__DATASET ENTRIES__

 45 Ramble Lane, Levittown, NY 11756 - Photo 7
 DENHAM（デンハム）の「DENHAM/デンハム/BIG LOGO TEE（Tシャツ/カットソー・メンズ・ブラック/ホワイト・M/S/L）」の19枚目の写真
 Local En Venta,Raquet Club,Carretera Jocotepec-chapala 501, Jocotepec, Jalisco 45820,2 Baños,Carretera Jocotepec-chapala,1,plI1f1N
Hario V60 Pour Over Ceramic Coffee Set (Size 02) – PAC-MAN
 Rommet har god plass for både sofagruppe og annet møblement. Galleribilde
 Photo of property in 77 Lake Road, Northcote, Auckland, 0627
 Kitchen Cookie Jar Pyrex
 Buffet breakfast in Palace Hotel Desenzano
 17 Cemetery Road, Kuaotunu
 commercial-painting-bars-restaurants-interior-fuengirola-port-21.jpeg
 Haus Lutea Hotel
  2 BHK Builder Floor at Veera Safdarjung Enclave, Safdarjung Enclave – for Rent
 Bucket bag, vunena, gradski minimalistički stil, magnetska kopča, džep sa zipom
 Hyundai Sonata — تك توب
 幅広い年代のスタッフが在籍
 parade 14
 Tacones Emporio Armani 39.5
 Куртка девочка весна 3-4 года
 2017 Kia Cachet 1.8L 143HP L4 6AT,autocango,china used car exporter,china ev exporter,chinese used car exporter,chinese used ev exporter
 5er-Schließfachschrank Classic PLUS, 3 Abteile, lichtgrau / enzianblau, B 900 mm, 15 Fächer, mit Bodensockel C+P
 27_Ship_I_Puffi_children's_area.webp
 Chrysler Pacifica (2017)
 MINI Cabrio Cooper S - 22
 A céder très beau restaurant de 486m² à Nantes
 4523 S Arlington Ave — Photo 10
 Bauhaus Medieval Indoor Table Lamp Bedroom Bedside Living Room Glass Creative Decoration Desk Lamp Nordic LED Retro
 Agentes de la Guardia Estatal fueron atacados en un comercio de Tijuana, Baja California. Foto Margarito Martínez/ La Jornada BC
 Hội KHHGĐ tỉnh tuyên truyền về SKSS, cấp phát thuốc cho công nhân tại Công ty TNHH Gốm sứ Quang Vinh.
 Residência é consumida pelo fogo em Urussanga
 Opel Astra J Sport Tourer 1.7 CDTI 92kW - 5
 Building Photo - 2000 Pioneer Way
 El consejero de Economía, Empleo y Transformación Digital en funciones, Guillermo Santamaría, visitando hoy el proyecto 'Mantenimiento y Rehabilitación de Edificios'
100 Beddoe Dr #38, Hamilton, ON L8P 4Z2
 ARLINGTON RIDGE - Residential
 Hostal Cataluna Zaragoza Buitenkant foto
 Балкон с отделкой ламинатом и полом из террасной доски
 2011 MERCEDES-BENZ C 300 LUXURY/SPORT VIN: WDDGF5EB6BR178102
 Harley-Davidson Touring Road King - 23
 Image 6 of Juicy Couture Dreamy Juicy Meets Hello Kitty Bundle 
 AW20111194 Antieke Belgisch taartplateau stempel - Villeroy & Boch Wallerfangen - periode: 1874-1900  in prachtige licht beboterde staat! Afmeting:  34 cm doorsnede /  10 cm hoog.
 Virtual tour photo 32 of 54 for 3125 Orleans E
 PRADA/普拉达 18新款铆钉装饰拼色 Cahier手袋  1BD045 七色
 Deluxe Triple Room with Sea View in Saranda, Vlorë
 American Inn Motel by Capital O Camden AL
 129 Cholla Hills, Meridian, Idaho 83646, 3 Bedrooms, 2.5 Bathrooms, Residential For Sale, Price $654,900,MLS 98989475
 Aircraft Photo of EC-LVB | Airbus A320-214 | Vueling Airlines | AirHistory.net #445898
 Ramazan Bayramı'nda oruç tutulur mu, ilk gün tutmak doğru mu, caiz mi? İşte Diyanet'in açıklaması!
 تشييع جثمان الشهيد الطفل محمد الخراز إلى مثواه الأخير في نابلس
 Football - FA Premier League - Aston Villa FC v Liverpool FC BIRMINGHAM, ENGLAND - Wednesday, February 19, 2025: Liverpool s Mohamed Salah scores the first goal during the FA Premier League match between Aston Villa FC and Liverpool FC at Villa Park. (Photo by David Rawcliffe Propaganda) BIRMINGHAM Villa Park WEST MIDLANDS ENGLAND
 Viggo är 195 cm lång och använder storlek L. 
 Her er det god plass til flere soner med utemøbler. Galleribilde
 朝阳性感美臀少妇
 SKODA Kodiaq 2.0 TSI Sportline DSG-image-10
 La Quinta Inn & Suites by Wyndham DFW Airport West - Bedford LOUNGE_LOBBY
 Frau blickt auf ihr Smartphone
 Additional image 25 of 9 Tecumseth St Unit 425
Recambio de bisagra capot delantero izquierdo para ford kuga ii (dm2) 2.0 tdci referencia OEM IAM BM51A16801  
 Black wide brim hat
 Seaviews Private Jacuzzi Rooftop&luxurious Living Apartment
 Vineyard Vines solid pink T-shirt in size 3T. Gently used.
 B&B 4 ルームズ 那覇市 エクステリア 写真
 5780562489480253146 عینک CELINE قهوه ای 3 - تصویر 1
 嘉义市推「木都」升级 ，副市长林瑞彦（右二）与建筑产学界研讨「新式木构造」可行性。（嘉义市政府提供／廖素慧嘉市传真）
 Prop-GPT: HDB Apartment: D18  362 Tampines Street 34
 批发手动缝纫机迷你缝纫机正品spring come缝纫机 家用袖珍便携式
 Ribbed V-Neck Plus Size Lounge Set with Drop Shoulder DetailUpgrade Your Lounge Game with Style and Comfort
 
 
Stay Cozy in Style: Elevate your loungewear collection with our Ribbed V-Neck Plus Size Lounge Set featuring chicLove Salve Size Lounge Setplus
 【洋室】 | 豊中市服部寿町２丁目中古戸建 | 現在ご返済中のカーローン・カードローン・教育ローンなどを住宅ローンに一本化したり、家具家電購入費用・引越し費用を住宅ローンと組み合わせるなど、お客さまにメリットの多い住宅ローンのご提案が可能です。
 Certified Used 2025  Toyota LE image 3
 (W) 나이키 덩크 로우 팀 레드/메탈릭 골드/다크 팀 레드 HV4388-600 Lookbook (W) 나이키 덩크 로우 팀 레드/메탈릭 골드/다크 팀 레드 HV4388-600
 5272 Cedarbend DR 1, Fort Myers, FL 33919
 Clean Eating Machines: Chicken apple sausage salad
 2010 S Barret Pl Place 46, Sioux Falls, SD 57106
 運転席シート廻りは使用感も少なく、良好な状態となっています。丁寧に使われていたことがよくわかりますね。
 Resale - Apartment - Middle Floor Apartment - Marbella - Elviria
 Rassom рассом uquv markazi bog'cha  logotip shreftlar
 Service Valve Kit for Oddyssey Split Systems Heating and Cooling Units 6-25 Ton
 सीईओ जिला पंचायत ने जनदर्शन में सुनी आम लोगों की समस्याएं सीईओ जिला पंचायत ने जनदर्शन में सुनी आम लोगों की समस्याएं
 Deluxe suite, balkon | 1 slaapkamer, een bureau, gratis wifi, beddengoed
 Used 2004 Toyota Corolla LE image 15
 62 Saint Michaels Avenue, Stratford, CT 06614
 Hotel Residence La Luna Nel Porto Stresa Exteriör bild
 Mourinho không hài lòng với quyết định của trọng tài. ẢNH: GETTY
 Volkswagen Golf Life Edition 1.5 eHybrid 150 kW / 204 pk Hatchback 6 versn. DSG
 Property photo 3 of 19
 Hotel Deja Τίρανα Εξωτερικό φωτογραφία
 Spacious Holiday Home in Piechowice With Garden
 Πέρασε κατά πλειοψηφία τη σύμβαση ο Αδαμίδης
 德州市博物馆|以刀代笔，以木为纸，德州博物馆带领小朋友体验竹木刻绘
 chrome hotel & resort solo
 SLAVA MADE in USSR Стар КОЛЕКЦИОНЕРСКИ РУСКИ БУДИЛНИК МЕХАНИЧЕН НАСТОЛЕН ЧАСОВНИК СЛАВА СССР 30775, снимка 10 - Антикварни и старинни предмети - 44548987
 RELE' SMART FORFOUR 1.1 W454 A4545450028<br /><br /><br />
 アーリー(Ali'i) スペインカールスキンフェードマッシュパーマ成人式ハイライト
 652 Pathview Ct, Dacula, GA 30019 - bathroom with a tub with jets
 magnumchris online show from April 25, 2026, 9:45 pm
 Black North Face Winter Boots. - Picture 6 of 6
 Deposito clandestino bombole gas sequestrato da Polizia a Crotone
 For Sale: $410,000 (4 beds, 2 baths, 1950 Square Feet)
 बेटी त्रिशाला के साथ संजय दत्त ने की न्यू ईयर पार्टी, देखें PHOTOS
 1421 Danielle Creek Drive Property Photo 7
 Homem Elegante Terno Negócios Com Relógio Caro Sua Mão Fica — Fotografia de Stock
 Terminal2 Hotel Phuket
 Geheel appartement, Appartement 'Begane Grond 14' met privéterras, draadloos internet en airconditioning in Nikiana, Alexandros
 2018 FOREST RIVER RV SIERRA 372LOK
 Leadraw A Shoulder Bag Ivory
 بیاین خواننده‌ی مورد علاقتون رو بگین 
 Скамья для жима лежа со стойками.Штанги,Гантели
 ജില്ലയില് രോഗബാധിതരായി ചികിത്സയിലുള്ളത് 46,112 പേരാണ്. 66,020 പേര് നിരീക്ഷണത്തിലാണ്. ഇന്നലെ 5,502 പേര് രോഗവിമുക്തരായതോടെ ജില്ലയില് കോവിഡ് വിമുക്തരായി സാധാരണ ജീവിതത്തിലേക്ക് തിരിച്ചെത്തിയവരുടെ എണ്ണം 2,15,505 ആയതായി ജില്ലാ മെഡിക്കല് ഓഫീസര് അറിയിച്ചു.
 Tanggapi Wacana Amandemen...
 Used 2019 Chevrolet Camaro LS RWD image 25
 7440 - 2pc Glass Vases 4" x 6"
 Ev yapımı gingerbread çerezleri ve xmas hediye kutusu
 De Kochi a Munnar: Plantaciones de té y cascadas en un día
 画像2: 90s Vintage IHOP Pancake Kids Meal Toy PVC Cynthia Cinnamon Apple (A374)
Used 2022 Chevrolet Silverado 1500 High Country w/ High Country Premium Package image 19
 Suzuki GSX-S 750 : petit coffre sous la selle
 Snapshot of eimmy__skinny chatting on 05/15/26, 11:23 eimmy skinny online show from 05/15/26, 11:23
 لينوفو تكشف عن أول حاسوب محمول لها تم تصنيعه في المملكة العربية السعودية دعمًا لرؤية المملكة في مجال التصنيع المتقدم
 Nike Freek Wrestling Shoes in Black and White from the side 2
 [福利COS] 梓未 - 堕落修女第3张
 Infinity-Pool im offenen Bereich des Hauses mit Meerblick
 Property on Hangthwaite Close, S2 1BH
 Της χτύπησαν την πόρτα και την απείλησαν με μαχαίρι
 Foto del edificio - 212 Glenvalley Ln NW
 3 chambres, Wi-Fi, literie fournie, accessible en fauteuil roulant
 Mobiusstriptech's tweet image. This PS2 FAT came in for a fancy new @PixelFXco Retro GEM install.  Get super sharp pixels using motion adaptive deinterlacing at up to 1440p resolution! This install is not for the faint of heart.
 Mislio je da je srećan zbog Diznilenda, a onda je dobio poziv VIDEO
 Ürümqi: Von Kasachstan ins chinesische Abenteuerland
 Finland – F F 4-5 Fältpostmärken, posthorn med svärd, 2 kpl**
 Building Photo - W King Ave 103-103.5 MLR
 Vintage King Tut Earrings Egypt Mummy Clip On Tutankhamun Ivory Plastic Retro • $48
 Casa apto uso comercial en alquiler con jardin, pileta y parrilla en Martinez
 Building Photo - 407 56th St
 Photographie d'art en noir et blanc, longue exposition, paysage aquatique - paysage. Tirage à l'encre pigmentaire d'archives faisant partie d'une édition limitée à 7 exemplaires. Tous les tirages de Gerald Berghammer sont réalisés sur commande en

__TASK GOAL__
Lines with "Apartment": find them in the data and copy each one.

__RESPONSE TO THE TASK__
 Seaviews Private Jacuzzi Rooftop&luxurious Living Apartment
 Prop-GPT: HDB Apartment: D18  362 Tampines Street 34
 Resale - Apartment - Middle Floor Apartment - Marbella - Elviria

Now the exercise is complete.